Your objective: Give back the exact lines of the material below from the one containing "ترميم مقبرة أول" through the one containing "2016 KIA SOUL photo 11", and no pictures.

Start of Records supplied

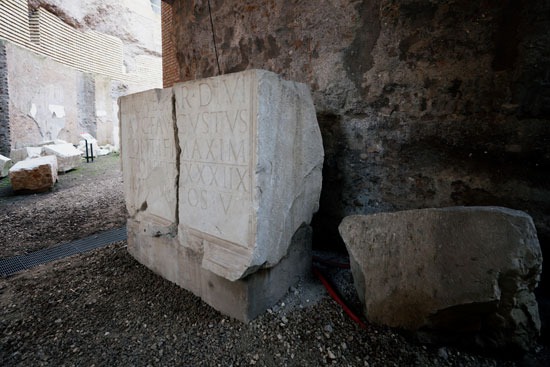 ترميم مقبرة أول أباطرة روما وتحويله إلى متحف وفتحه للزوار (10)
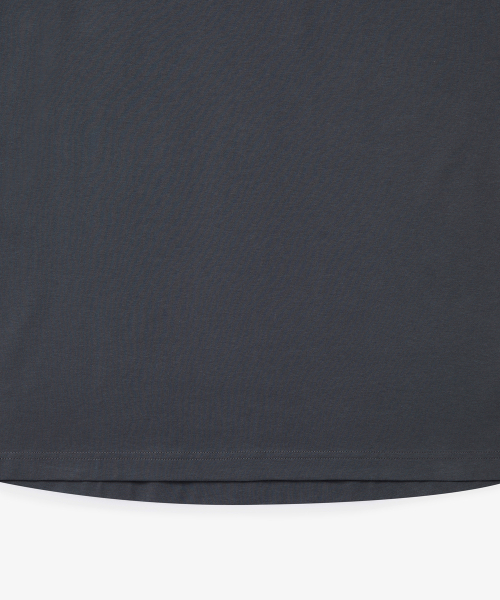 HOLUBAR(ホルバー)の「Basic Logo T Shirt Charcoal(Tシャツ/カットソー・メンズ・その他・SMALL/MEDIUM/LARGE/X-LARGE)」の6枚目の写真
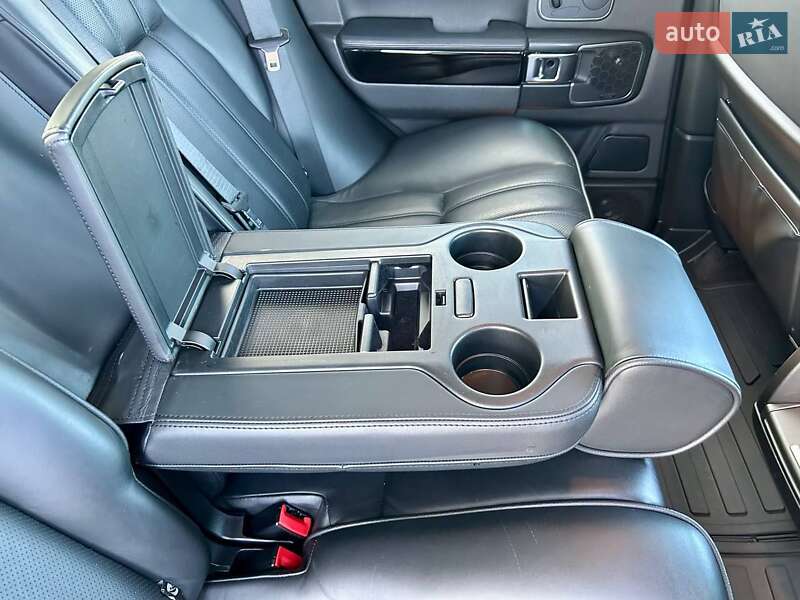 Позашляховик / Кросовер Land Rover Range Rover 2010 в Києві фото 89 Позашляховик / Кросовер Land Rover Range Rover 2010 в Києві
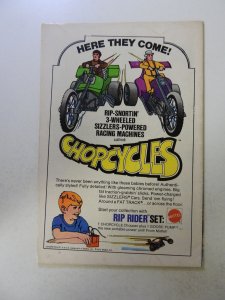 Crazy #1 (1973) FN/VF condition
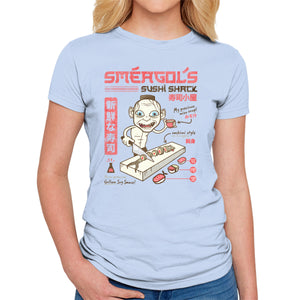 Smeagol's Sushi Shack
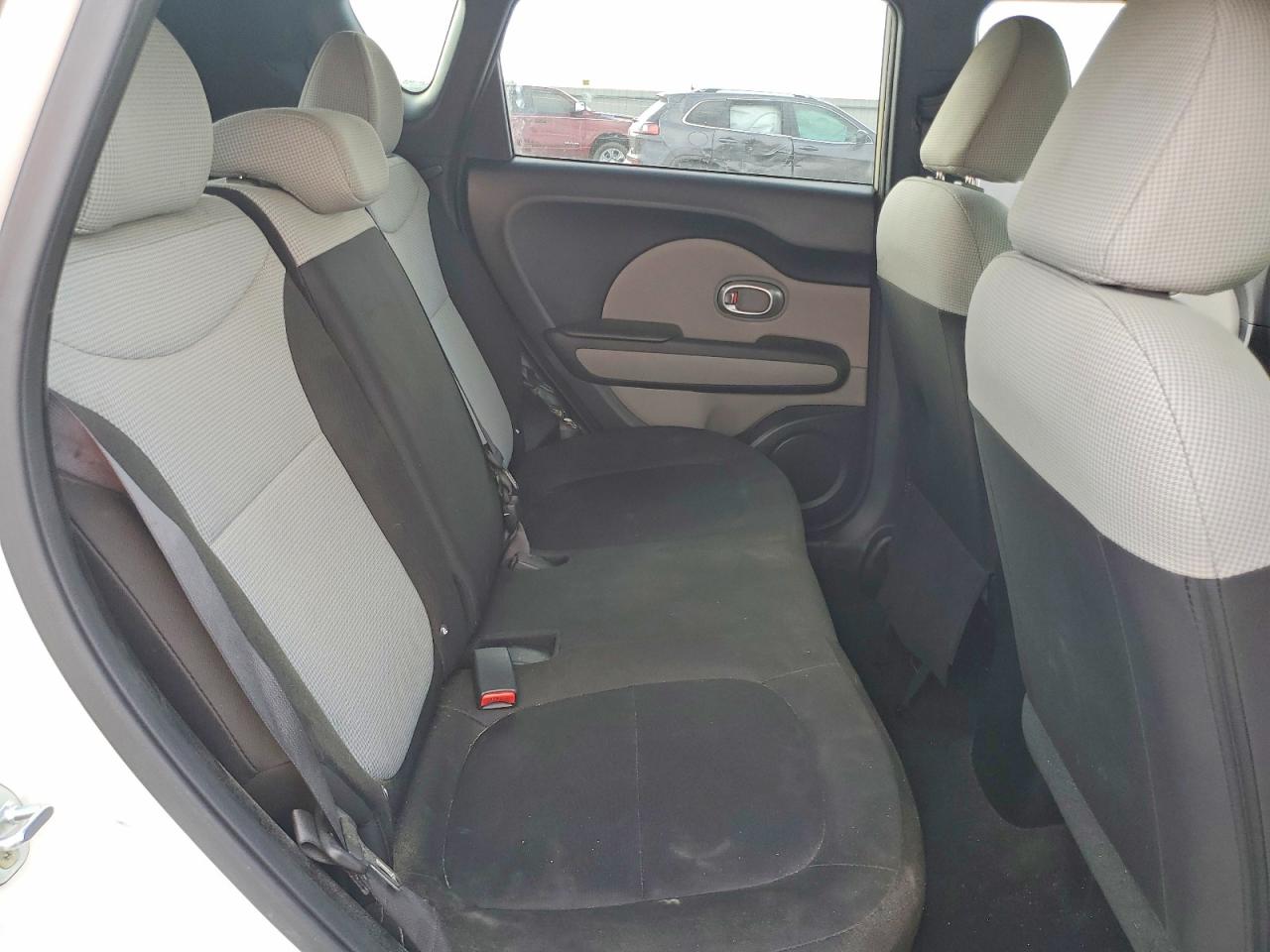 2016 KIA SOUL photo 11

End of Records supplied
Start of Records supplied

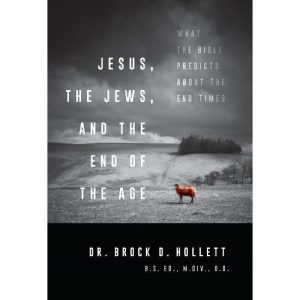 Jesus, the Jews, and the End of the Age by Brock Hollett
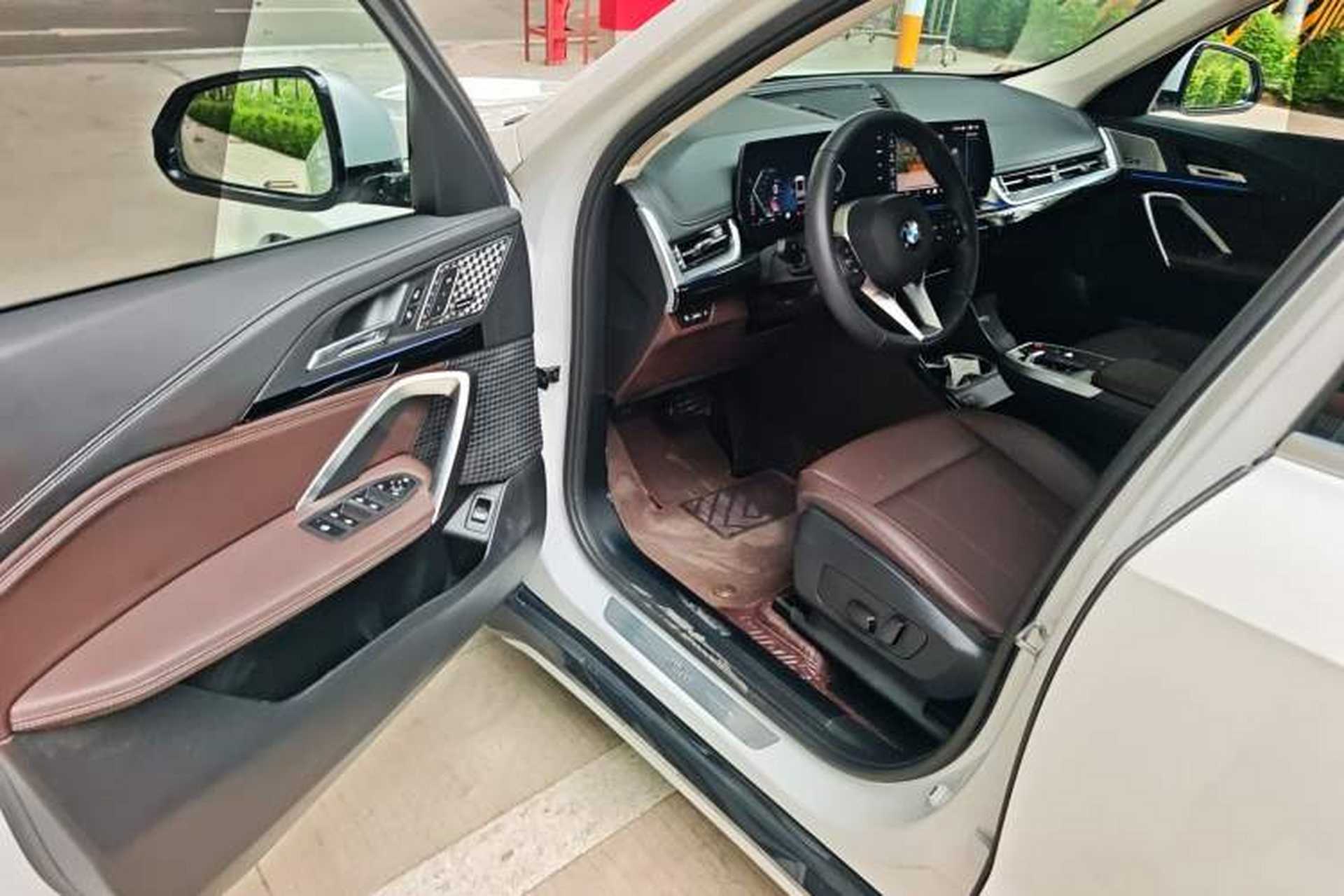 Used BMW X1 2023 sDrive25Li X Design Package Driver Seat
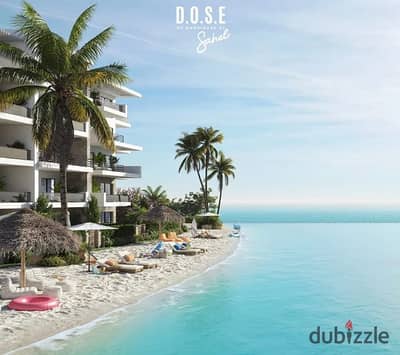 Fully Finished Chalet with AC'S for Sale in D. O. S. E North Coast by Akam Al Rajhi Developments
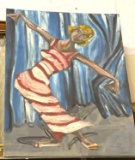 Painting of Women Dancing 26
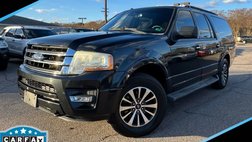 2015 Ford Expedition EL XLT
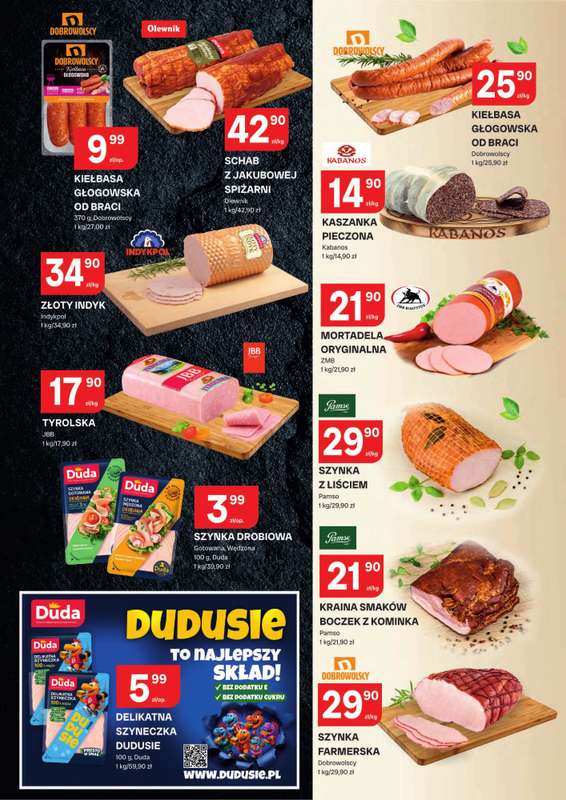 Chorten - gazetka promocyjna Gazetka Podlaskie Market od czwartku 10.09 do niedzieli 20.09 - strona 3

End of Records supplied

Solution to this exercise:
 ترميم مقبرة أول أباطرة روما وتحويله إلى متحف وفتحه للزوار (10)
 HOLUBAR(ホルバー)の「Basic Logo T Shirt Charcoal(Tシャツ/カットソー・メンズ・その他・SMALL/MEDIUM/LARGE/X-LARGE)」の6枚目の写真
 Позашляховик / Кросовер Land Rover Range Rover 2010 в Києві фото 89 Позашляховик / Кросовер Land Rover Range Rover 2010 в Києві
 Crazy #1 (1973) FN/VF condition
 Smeagol's Sushi Shack
 2016 KIA SOUL photo 11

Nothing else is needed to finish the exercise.